I was very impressed with the Dana Harbor club. What a terrific facility! As with the other places I have visited, the players were interested, especially considering that while I was there they had two Bob Ls.

Dana Point5

If you have been reading these postings, you know I like to talk. It’s something I’ve discovered about myself since I got “back in the game,” as the Bridge Bulletin cover reported last summer.

Well, for once I’m going to give up the podium for a special occasion. While I was in Dana Point, I met Bob Levine’s friend, Jacob Weisberg, who writes occasionally for the Dana Harbor bridge players. He’s a fun guy, so I thought I would give up a bit of space so you could read his report about my visit. You can see both Bob Ls with Jacob in the photo below.

Dana Point6

Bob L Meets Bob L
By Jacob Weisberg

Did you see the cover of the July issue of the Bridge Bulletin? It alerted ACBL members that Bob L was “Back In The Game” and that we should be on the lookout for him because he was traveling the country and might show up at our club. If he does, it asked us to welcome him.

Imagine the surprise of our own Bob Levine. He thought, “Hey, who is this “other” Bob L? I’m Bob L.” So Bob Levine wrote to ACBL asking about this possible impostor.

ACBL decided to enlist our Bob L in the national travels of the ACBL Bob L. It asked our Bob L to host the ACBL’s Bob L when he came to Southern California.

Of course, our Bob Levine had no idea what this meant. How much did Bob L eat? How much did Bob L drink? What kind of sleeping arrangements would he have to make for the traveler – and what about transportation? Even though the July issue of the Bridge Bulletin showed Bob L with a car, would the vehicle make it all the way out here to Orange County? Would it pass our smog tests? And what would Gayle have to say about this?

Well, it all worked out, and if you were at the club on Thursday, Nov. 12, amidst that giant crowd that virtually overflowed into the street, there was Bob L, at the table with Bob Levine.

Notice, I didn’t say that Bob L was playing with Bob Levine. Fact is, Bob Levine was playing with Gayle Gerth. They came in second in “A” North-South.

So what’s this about Bob L being at the table? Well, my pard and I were East-West, and when we came to their table, there were Bob Levine, Gayle Gerth and Bob L. Yes, there was Bob L, just sitting on the table.

Fact is that ACBL has been sending him to clubs around the country, to be hosted by people like our own Bob Levine.

In a special interview granted to this reporter, Bob L was so thankful for the reception he got from our members.

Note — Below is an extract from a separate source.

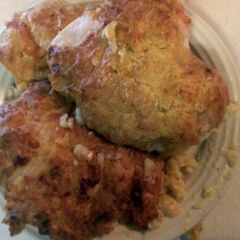 A picture of bacon ranch chicken.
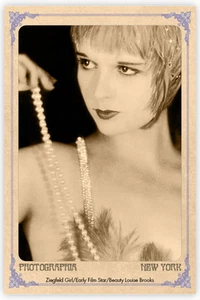 LOUISE BROOKS Silent Film Star Vintage Photograph A++ Reprint Cabinet Card CDV - Picture 1 of 1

Bob L has been all over the country but nowhere has the sun shined so brightly and the game been so warm, friendly and competitive as his visit with us at Dana Harbor Bridge Club.

Thanks, everyone, for helping him feel so welcomed. When he gets back to Memphis, he’s sure to tell the people there that Unit 538 in Southern California has it “all together.”

Nice job, Jacob. That pretty much sums up my stop in Southern California. I’ll be back before you know it at the Fall NABC in San Diego.

Fun in Fort Smith

Thursday, November 19th, 2009

What is it about Elvis? I can’t seem to get away from him. Okay, I’m just kidding, but I have to say I was surprised when I visited Fort Smith AR that his name came up. Right after I arrived, someone said we should check out the barber shop where Elvis got his first Army haircut. Come to think of it, I remember all the hoopla when Elvis was drafted. Even back East, we were hearing about it.

Anyway, when we got to Fort Chaffee, the darned barber shop was closed. It didn’t matter, though, because I really had a great time in Fort Smith. It’s way west in Arkansas, just before you hit the border with Oklahoma.

Someone at ACBL Headquarters said the bridge players in Arkansas were among the friendliest I would meet (one of them even took his new bride for their honeymoon at the Fort Smith Regional many years ago), and they were right.

The day I arrived, it was a lovely, cool fall day when the leaves were at their peak colors of god, red, rust and orange. The fall colors in New England have nothing on western Arkansas. I can see why people like to live there.

My hostess was Joann Humphrey, who teaches bridge, directs and just generally promotes the game. I especially liked her efforts to get people to join the ACBL.

At Joann’s club, they always have lots to eat. It’s a miracle I still fit in my clothes after hanging out in Fort Smith for about a week.

Joann Bob L & food

Joann runs the Fort Smith Duplicate Bridge Club, where I spent a lot of my time during the visit. One Monday, Joann ran a game for a charity that the club supports. It’s called Bost Inc. They help people with disabilities. It was a 10-table game, and players were asked to come up with an extra $1 for the special game, but the final take was $260. I was impressed with their giving spirit.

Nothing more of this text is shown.